A federal judge has agreed to delay the criminal trial of former Massey Energy CEO Don Blankenship.

U.S. District Judge Irene Berger on Friday delayed the trial from July 13 to Oct. 1, The Charleston Gazette reports. Berger also ordered the trial moved from Beckley, W.V.a, to Charleston.

Blankenship is charged with conspiring to violate safety standards at Upper Big Branch, a former Massey Energy mine where an explosion killed 29 men in 2010.

Berger’s postponement comes a week after prosecutors and defense attorneys asked her to push back the trial to mid-October. Berger had previously denied the defense attorneys’ request to delay the trial until January 2016.

In court filings, Berger said she was “making an effort to err, if at all, on the side of caution,” and that she believed “good cause” can be attributed for the delay, rather than any negligence on the attorneys’ or court’s parts.

In their request for the delay, the attorneys said that barring unforeseen circumstances, they don’t intend to seek further continuances.

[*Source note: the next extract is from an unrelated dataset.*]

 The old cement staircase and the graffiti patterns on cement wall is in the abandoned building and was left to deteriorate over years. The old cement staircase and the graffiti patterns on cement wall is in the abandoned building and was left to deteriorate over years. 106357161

Defense attorneys had also asked that the trial be moved outside of West Virginia, arguing that he cannot get a fair trial in the state.

Berger decided to keep the trial in-state, but move the trial to Charleston, which is located slightly further away from the site of the explosion.

Charleston is about 45 miles north of the site, while Beckley is about 35 miles to the southeast of the mine.